62、王子と女神
「あら…あなただあれ?」
男は相変わらずぽかんとした顔でこちらを見ていたが、私は男から香る愛しい人の魂の香りに気付いた。
「これは…ルールアの匂いだわ。どうしてあなたから香るのかしら?その魂はルールアのものなのだけど…返して下さらない?」
一瞬で男の側に移動すると、私は一瞬の躊躇も無くずぶりと男の胸に手を突き立てる。
驚愕で見開かれた男の様子に首を傾げながら、私は男の心臓をぎゅうっと掴んだ。
「がはっ…」
「あぁ、ほら。やっぱりルールアだわ。ここに居たのね?私とても寂しかったの。さぁ、一緒に帰りましょう?あなたの神殿で暮らすと約束したでしょう?」
男はそのまま手を抜こうとする私の腕を掴み、口の端から血を垂らしている。
「君は…アルマだろう?どうしてそんな姿をしているのか分からないけど…何故泣いてるの?」
「泣いてる…?私が?」
男に言われて片手で頬を触ると、確かに濡れている。
男は眉を下げ困ったように私を見ると、優しく微笑んだ。
「よく分からないけど…悲しいことがあったのかな?大丈夫、私が側に居る。約束しただろう?」
そう言って男は腕がめり込むのも構わず一歩前に出ると、震える手で私を抱き締める。
その感触に私は脳が焼けるように熱くなるのを感じた。
私、私は何を…
立ち込める血の臭いと腕から伝わる肉の感触に呆然とする。
そのままゆっくりと腕を抜けばリーヴス殿下は口からも血を流し、力無く私に寄りかかった。

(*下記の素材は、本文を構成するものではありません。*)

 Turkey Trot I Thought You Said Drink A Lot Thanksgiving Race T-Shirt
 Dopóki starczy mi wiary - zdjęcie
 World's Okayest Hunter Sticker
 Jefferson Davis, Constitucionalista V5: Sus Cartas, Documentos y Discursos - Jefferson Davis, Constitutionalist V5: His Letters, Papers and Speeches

「ふふ、はぁ…愛した人の手に掛かるのも、なかなかいいかもしれない…他の奴に殺されるより、よっぽど幸せだ…」
「リ、リーヴス殿、下…」
ガタガタと震える身体でリーヴス殿下を支えながら、リーヴス殿下の体温が下がっていくのを感じる。
どうしよう、どうしよう!
私は何て事を!
また彼を失ってしまう、
そんなの耐えられない、
ルールア、ルールア!
狂い始めた思考に飲まれそうになった時、「アルマリージュ!」と声がして、ライナお兄様が転移してきた。
「ライナお兄様…助けて…私が、彼を…」
「大丈夫、まだ間に合う。アルマリージュ、私が彼を助けるから!」
ライナお兄様はそう言うとあっと言う間に魔法を展開させ、みるみるうちにリーヴス殿下を回復させていく。

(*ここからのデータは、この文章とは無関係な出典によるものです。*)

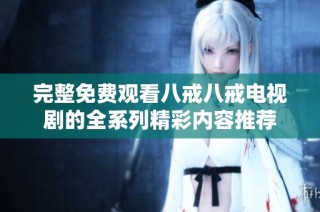 完整免费观看八戒八戒电视剧的全系列精彩内容推荐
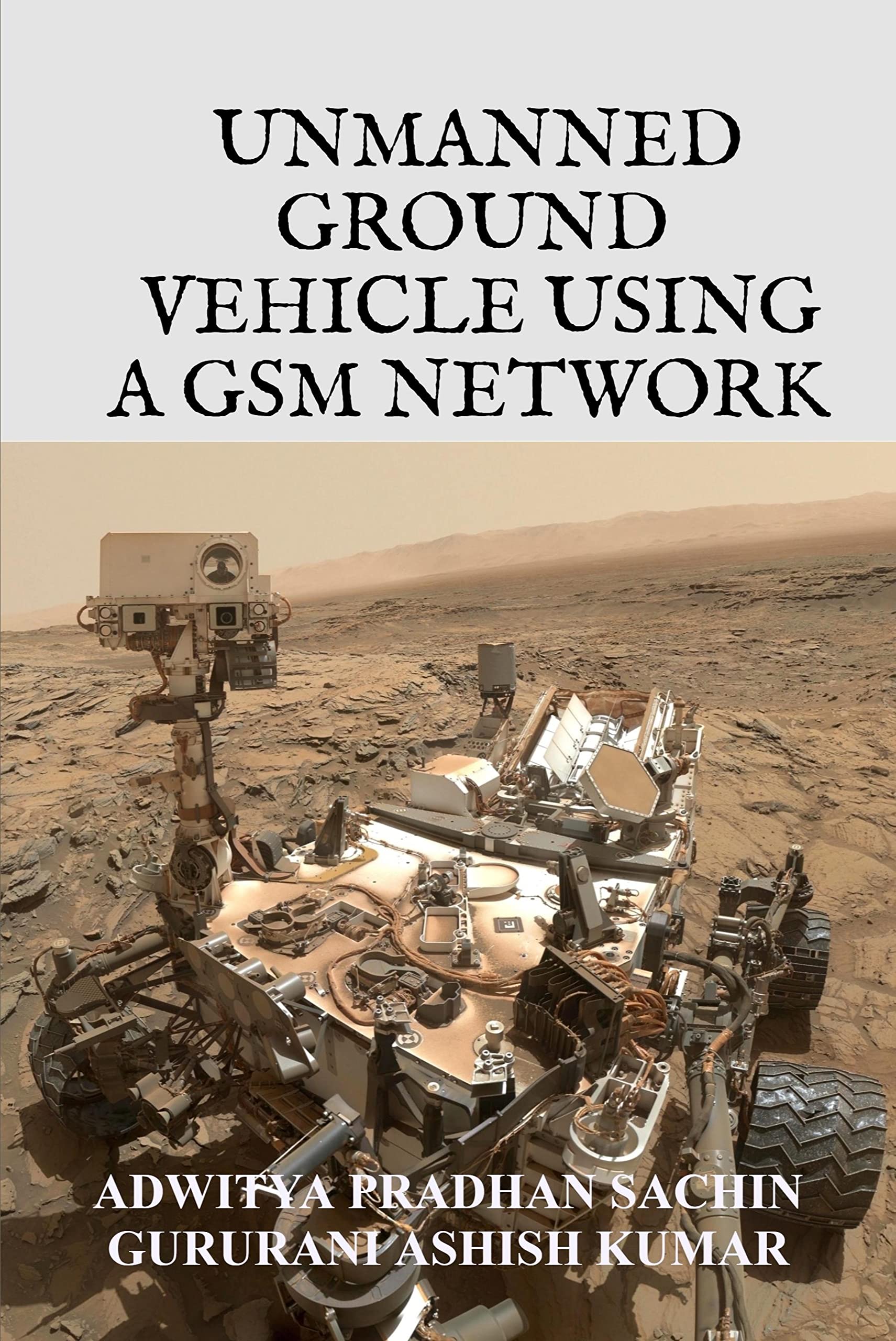Unmanned Ground Vehicle Using a GSM Network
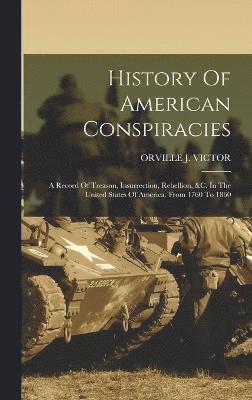 History Of American Conspiracies 1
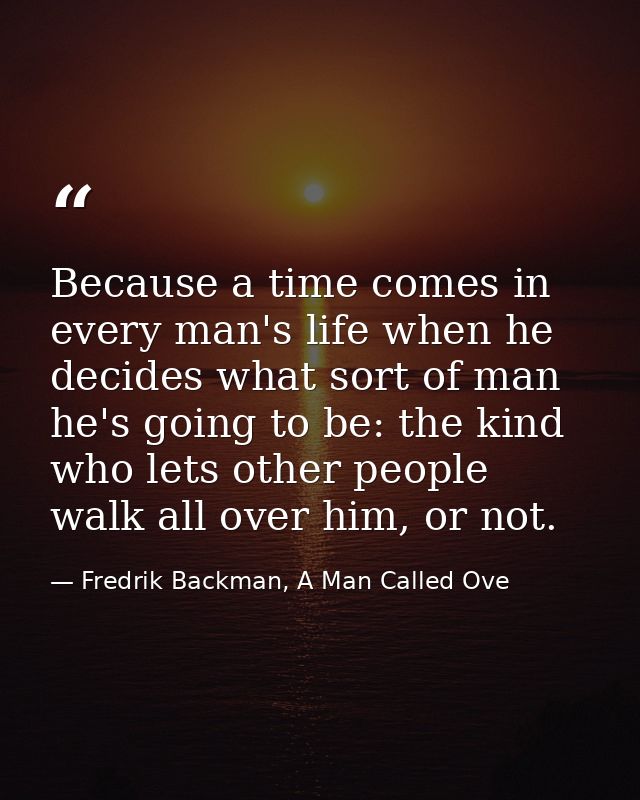 Because a time comes in every man's life when he decides what sort of man he's going to be: the kind who lets other peop — Fredrik Backman, A Man Called Ove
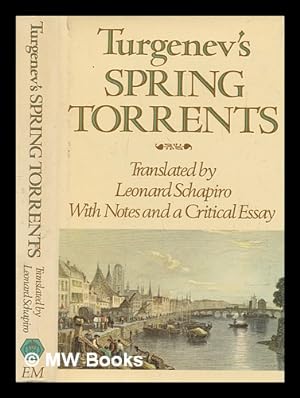 Seller image for Turgenev's 'Spring torrents' / translated by Leonard Schapiro for sale by MW Books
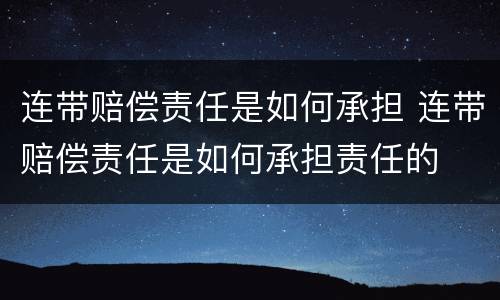 连带赔偿责任是如何承担 连带赔偿责任是如何承担责任的
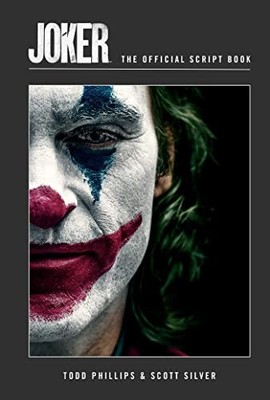Joker: The Official Script Book,Insight Editions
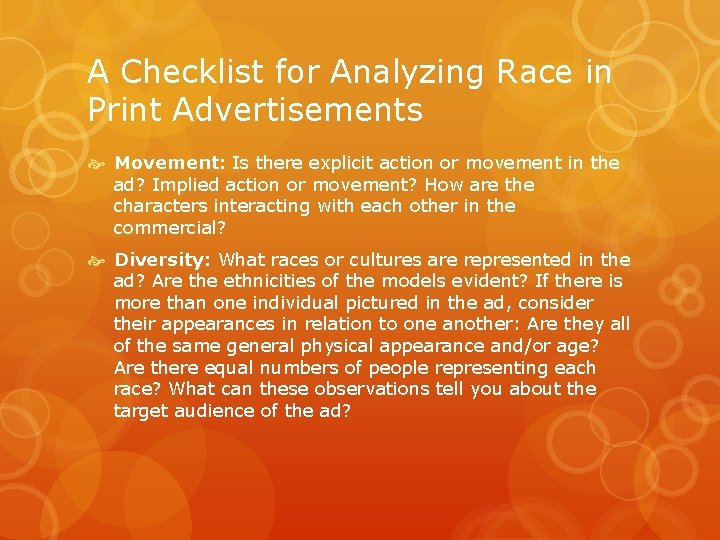 A Checklist for Analyzing Race in Print Advertisements Movement: Is there explicit action or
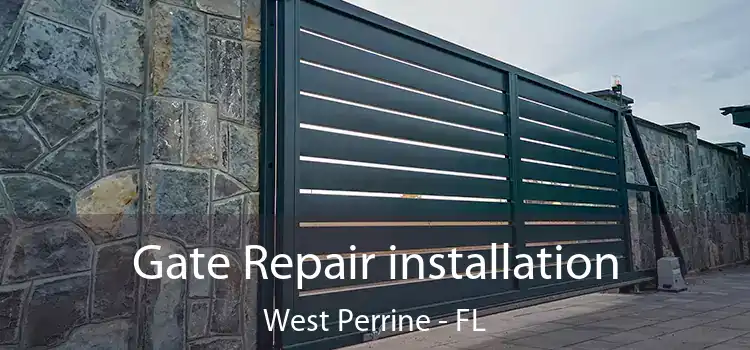 Gate Repair installation West Perrine - FL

私はそれを傷の塞がったリーヴス殿下をぎゅうっと抱き締めると、リーヴス殿下の髪に頬擦りした。
「ルールア、ルールア、良かった…私のせいでまたあなたを失う所だった。愛してる。愛してるの。」
「…」
私の様子を黙って見ていたライナお兄様は、しばらくすると私の手からリーヴス殿下をそっと奪う。
「あっ、ルールア…!」
「アルマリージュ、彼はルールアじゃないよ。アルマリージュはまだ混乱しているね。彼はもう大丈夫だから…一度天界に戻って話をしようか。」
ライナお兄様はそう言うと、リーヴス殿下をベッドに寝かせ、私を連れて天界へと転移した。